Veja a declaração completa de Asdrúbal Figueiró:

“Não fui citado nem ouvido no processo trabalhista contra meu ex-empregador. Não usei nenhuma das frases atribuídas a mim, nem nunca usei nenhuma expressão com conotação racial em discussões de trabalho. No episódio em questão, meu argumento era que, sim e obviamente, deveríamos usar a imagem do policial ajoelhado no pescoço de George Floyd na reportagem, mas que ela não deveria ficar muito tempo ininterruptamente no ar. É uma imagem angustiante, de uma pessoa sofrendo, agonizando. Em nenhum momento pedi que o editor não destacasse o componente racial da violência policial na história, ao contrário. A reportagem foi um dos destaques dos jornais da CNN Brasil naquela noite, e eu fui um dos coordenadores da extensiva cobertura que a CNN Brasil fez do caso e dos protestos que se seguiram, enviando repórteres a várias cidades dos EUA onde as manifestações ocorreram e entrando com a programação pela madrugada”. 

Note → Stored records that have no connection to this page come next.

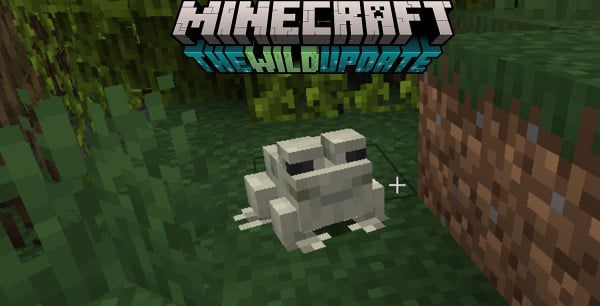 Minecraft - Rana: ¿Dónde encontrarlas y cómo criarlas?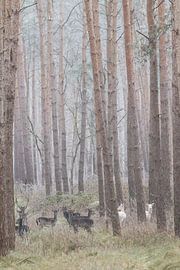 Des cerfs albinos dans la forêt allemande
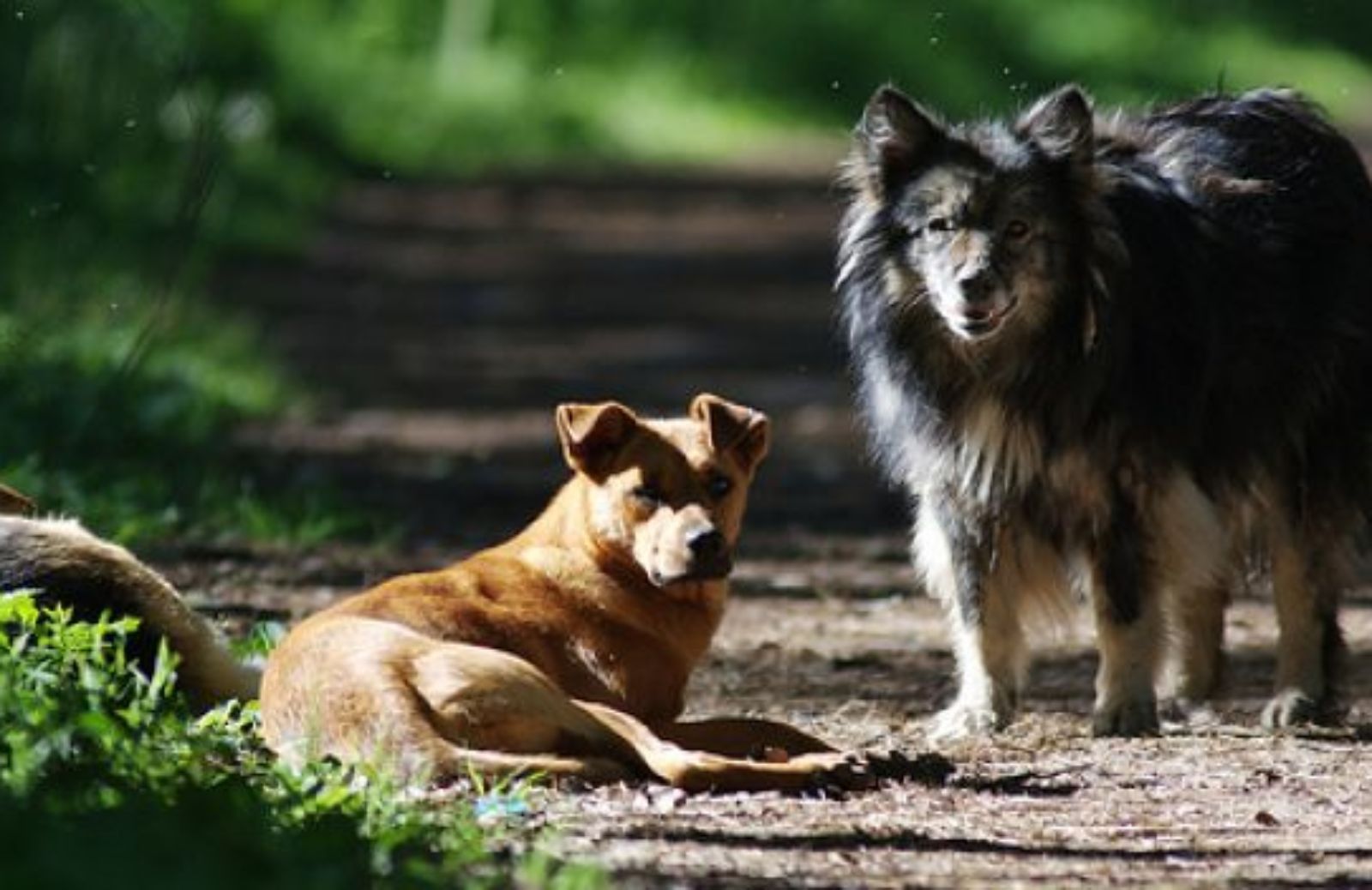 Come difendersi dai cani randagi senza farsi prendere dal panico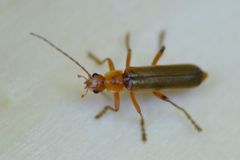 Metacantharis discoidea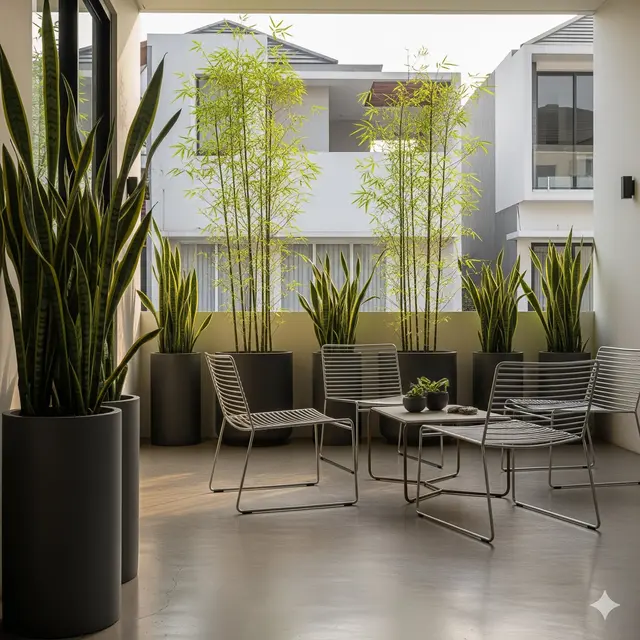 Teras Urban Modern: Fungsional untuk Kota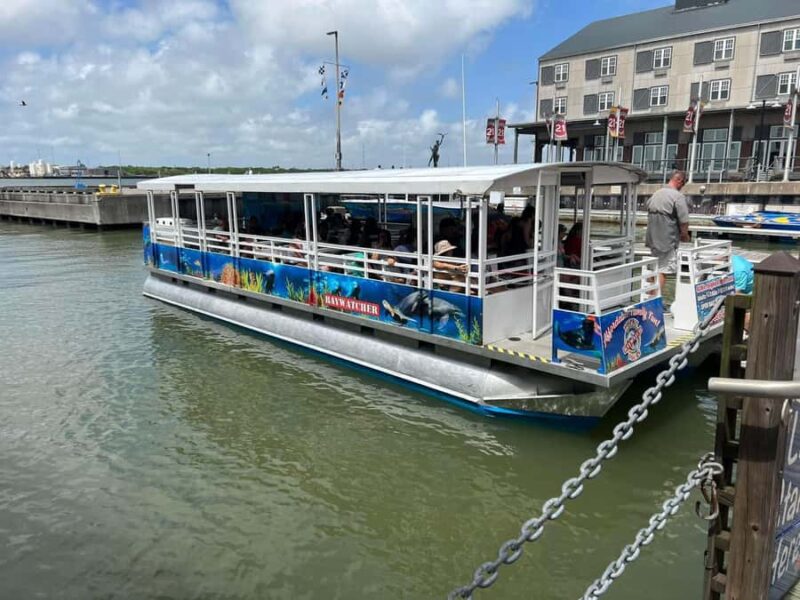 Adult Galveston Sunset Cruise 21 and up - What to Bring for a Perfect Sunset Experience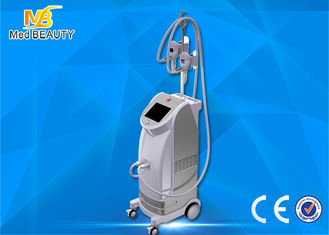 ประเทศจีน Best seller vertical fat freezing cryolipolisis coolsculpting cryolipolysis machine ผู้ผลิต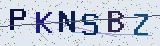 Anti-spam code *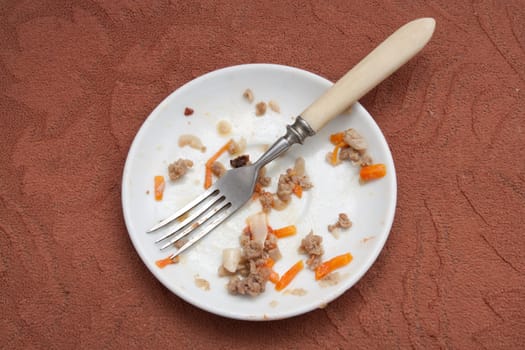 dirty plate with a fork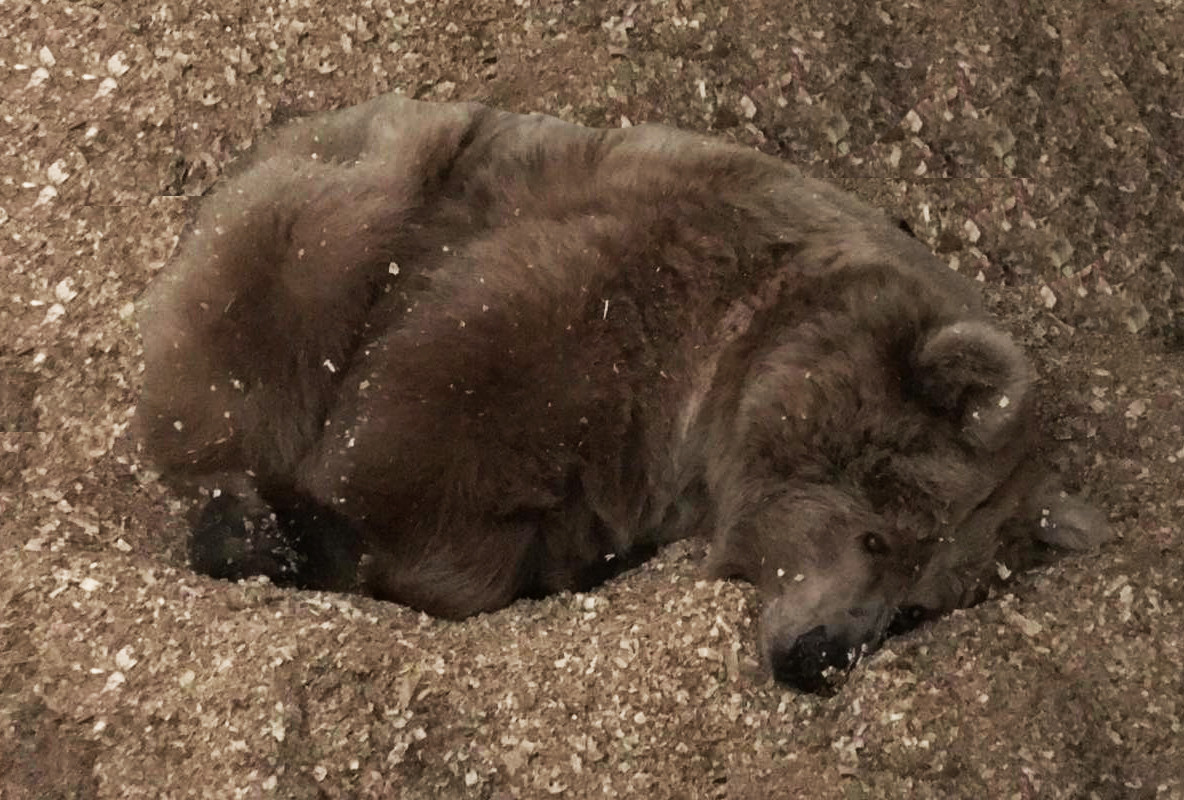 Зима близко. В зоопарке медведи впадают в спячку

Após a publicação da reportagem, Asdrúbal procurou VEJA para completar a nota com dados da decisão em primeira instância do mesmo processo:

“O juiz de primeira instância que tomou o depoimento presencial da testemunha (na segunda instância, os juízes só têm acesso à ata do depoimento, não ao depoimento em si) desconsiderou as alegações e afirmou no processo que “ao longo das declarações, o testigo [testemunha] manifestou falta de isenção de ânimo e evidente interesse em favorecer o autor [do processo]”. Também disse que “a testemunha (…) não conseguiu persuadir o Juízo, tendo prestado depoimento tendencioso, incorrendo em contradições” e que, em outra passagem, relatou que “o referido gerente não gritou nem xingou o reclamante nem se dirigiu a ele [reclamante] com termos pejorativos”. Em um email enviado por Renan à diretoria [do canal], dias depois do episódio, ele admite que toda a discussão editorial se deu em torno do conteúdo e não menciona nenhuma fala discriminatória, de tom pessoal ou fora do tom esperado numa relação profissional. Ao contrário, admite que ele elevou a voz, chegando a assustar o editor de imagem. Mas nem por isso relata que eu tenha levantado a voz de volta. A alegação de cunho racial só surgiria três anos depois, curiosamente, no âmbito de um processo trabalhista em que o reclamante pedia uma indenização de R$ 1,6 milhão ao seu ex-empregador”.